Highlights & Insights¶
- "Implicit partitioning + soft targets" is elegant: Rather than hard assignment, it uses a one-time random interleaved mask to set a soft target and lets constraints drive the labor division. This preserves LoRA’s flexibility while achieving modality decoupling without increasing parameters.
- Gradient-level injection instead of loss summation is a transferable trick: When a regularization is "per-parameter local guidance" in nature, injecting it as a gradient directly into backpropagation preserves fine-grained signals better than a global loss—a concept applicable to other PEFT scenarios requiring precise parameter control.

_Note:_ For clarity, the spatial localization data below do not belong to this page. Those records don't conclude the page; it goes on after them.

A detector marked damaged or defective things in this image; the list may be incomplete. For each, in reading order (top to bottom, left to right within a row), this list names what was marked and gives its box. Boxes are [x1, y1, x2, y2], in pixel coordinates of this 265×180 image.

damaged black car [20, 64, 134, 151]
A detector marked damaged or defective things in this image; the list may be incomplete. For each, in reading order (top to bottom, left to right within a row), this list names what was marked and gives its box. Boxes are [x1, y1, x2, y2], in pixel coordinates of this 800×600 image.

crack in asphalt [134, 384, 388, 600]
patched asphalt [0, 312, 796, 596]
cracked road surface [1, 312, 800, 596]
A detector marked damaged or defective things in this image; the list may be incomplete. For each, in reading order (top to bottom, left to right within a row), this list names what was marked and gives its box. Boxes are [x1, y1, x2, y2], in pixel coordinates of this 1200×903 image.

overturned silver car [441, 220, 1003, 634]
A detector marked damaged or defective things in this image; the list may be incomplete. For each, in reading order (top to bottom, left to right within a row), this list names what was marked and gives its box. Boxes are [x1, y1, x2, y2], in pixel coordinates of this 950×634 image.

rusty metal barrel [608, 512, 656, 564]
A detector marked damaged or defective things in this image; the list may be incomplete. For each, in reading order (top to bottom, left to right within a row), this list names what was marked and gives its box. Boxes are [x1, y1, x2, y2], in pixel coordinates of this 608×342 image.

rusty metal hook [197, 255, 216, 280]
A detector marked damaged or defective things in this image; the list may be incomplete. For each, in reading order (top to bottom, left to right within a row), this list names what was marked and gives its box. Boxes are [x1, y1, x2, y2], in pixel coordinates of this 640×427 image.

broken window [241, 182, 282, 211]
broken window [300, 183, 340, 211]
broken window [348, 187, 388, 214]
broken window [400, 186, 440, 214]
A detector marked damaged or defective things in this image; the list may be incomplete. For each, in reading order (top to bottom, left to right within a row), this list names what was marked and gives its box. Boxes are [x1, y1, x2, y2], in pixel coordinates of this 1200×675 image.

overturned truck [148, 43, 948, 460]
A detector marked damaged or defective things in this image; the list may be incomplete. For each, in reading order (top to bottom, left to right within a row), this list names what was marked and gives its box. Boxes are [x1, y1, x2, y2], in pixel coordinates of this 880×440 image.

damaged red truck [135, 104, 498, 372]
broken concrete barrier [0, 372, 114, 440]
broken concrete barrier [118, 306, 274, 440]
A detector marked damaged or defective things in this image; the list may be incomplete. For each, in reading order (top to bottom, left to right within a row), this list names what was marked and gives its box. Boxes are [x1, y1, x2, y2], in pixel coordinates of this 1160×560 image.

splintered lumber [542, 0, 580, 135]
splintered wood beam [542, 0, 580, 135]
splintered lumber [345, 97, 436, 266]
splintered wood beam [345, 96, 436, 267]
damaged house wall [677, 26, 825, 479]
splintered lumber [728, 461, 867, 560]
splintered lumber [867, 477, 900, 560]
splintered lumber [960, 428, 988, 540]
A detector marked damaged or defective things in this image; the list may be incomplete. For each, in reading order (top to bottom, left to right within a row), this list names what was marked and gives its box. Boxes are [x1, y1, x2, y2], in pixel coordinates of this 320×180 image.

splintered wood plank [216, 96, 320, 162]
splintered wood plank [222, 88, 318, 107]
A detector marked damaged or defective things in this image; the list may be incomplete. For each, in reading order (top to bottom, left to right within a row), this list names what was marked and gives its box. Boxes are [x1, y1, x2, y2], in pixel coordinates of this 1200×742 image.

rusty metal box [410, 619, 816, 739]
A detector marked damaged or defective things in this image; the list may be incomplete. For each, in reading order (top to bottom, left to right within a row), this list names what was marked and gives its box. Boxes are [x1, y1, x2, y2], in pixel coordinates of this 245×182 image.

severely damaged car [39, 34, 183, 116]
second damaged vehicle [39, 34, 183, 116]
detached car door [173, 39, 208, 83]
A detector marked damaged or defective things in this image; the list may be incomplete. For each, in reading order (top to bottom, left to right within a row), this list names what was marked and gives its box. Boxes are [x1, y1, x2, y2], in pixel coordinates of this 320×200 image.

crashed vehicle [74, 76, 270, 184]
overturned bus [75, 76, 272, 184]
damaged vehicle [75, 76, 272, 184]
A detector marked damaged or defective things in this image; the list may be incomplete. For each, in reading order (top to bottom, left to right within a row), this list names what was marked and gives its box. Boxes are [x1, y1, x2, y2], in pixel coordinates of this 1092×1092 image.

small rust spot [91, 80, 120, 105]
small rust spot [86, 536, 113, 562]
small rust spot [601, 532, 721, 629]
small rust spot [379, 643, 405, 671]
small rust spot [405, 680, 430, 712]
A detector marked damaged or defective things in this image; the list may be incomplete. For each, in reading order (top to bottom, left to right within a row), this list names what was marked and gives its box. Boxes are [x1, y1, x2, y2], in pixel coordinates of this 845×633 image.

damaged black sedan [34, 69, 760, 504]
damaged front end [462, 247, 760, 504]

- Quantifying modality dominance with FIM provides a measurable metric (Non-Text Dominance Rate) for the "text dominance" phenomenon, which is often only discussed qualitatively, turning "imbalance" into an optimizable target.
Limitations & Future Work¶
- Partitioning ratios, the layer-wise growth rate \(\alpha\), and the two \(\lambda\) factors are preset hyperparameters. While stable, whether this soft partitioning is optimal across more modalities/tasks is not fully verified.
- Masks are randomly interleaved once before training; the potential for adaptive partitioning (e.g., dynamic adjustment based on FIM) remains unexplored.
- Evaluations focus on QA/classification benchmarks; effectiveness on more complex tasks like generation or long-sequence multimodal reasoning needs further validation.
- The Non-Text Dominance Rate improved from 14.8% to ~21.4%, which is still far from "balanced" (50%), indicating that imbalance is mitigated rather than cured.
Related Work & Insights¶
- vs. Standard LoRA: Standard LoRA uses a single shared matrix for all modal gradients, leading to text dominance and non-text under-learning. IMoD implicitly decouples three blocks within the same matrix and uses gradient-level control, keeping parameters identical but modalities more balanced.
- vs. Explicit Modality Decomposition (MokA / Uni-modal LoRA): These assign separate matrices per modality, enabling decoupling but scaling parameters linearly, preventing merging, and lacking shared semantic capacity. IMoD achieves decoupling + alignment within a single matrix, preserving parameter efficiency and mergeability while learning modality-invariant semantics.
- vs. Other Imbalance Mitigation Methods: Prior works often focus on alignment learning speeds or adjusting data streams/sampling without inspecting or controlling how modality-specific updates are distributed across trainable parameters. IMoD addresses this directly at the parameter level, which is particularly suitable for parameter-scarce scenarios like low-rank PEFT.
Rating¶
- Novelty: ⭐⭐⭐⭐ "Implicit partitioning + gradient-level constraints" achieves decoupling and alignment in a single matrix; novel and practical, though an incremental refinement within the LoRA framework.
- Experimental Thoroughness: ⭐⭐⭐⭐ Covers audio-visual-text, visual-text, and audio-text configurations with multiple backbones; includes main results, ablations, and hyperparameter analysis.
- Writing Quality: ⭐⭐⭐⭐ Motivation empirically supported by FIM; method is clearly presented step-by-step; minor typos in individual formula dimensions.
- Value: ⭐⭐⭐⭐ Zero extra parameters, mergeable, and plug-and-play mitigation of modality imbalance; directly valuable for MLLM fine-tuning.